Released in November 2011, Skyward Sword follows Link as he flies through the skies and to Hyrule in order to save Zelda. Traversing through three different sections of Hyrule while collecting familiar items, players get to enjoy the Wii MotionPlus and swing Link's sword with exact precision and get a feel for aiming a bow and using the slingshot. Much to his frustration, Link himself finds out that puzzle-solving has expanded to the overworld.


Best Single-segment time With resets: 5:39 by 'Paraxade' on 2012-04-28.

Get Flash to see this player.

Author's comments:

First things first. The YouTube upload of this run is available here. I would appreciate your not uploading it to your own channel for several reasons, not the least of which being that I don't like the idea of having my work on someone else's channel. Thank you!




I'm going to start by addressing something I'm sure a lot of viewers are gonna be curious about. This run was done on the Japanese version. I am not, in fact, Japanese, nor do I speak or read the language. The reason I use the Japanese version is because the text scrolls much much much much much faster. The Wing Ceremony cutscene, which is (normally) unskippable, is an entire minute faster on Japanese (3 minutes in English/2 minutes in Japanese). Plus it speeds up the pace of the game. Frankly, the text in the English version scrolls so slow that it bores the hell out of me. I would not have wanted to speedrun it if I didn't have the Japanese version. As far as I know there are no version differences aside from the text; I've been playing on Japanese for a month or two and haven't noticed anything. I don't know how much time is saved through the faster text; my initial estimates were something massive like 40 minutes but I'm not seeing the time difference in my runs, so I think it's actually something much smaller; 10-15 minutes maybe. I'm definitely not running through the English version to find out.

Kay so. Skyward Sword had been out for 5 months when I finished this run. In that time, it's proven to be largely unbreakable (so far, anyway). There's a couple neat tricks here and there, but there's only one big technique, the Back in Time glitch (I'll get to this in a bit). I got it the day it came out and it took me iirc 5 days to finish my first playthrough. My first attempt at speedrunning this was a segmented test run I started on December 9, and finished on January 19. That run was on the English version and it didn't use BiT because it hadn't been found until I was halfway through the run; by that point I decided to just go through the rest without using it. I ended up finishing in 6:23 using 77 segments. That test run is still online here if you want to watch it.

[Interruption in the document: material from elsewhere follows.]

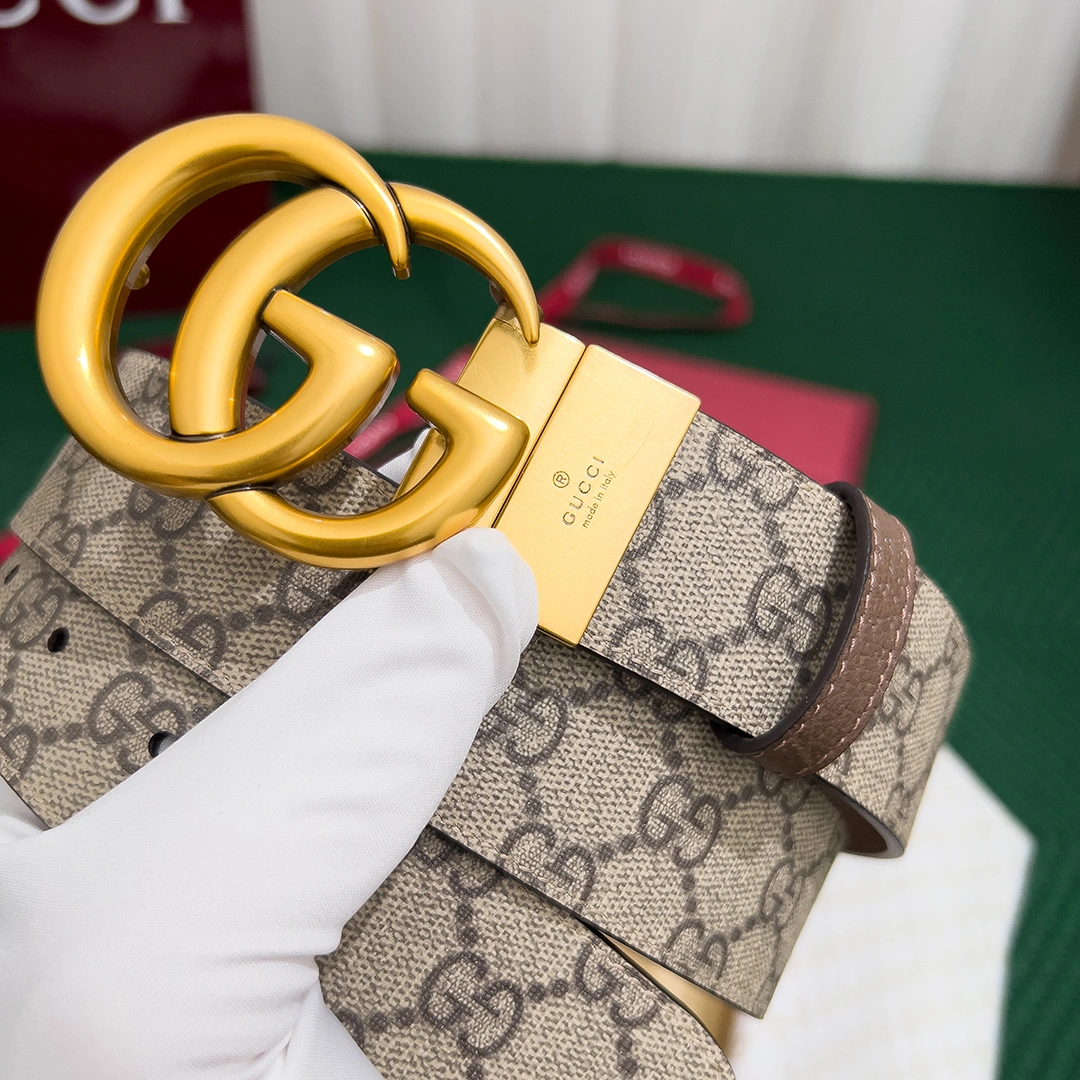 G*ucci Belts XX 20250427- Durable 14715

After that... I made the stupid stupid decision of trying to do a single-segment run. Don't ask me why. The first SS I did of this was in a race with TheOnly and a few other people where IIRC I got an ~8 hour time and we finished a few seconds apart (I was only halfway through my test run so I didn't know the last half of the game). Pretty ridiculous, really. When I started doing more of them after my test run was done, it took me a couple tries to sub 7, then a few crappy runs later and I managed to beat my test run in a single segment with 6:21. Then I got it down to 6:16... then early Thunderhead was found, and it went down to 5:56, then 5:45, then 5:39.

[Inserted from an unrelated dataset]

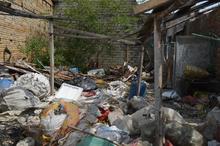 Recuperaci&oacute;n de inmueble - Emru 5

This run was really awesome. It's not without its fair share of dumb mistakes, but come on... it's a freaking 6-hour single segment run. There will be mistakes. It's really tough to do a run this long; not just because it's hard to play well for so long (it is), but also because it's really hard just to find time to do the run in the first place. You need a block at least 6 hours long where you're sure you won't be interrupted or get too hungry or tired or anything. Very limiting. I admit I started to get really fed up with the run, 'specially because I had a stretch for like 5 days where I couldn't get any runs up to Skyview Temple, which was pretty frustrating.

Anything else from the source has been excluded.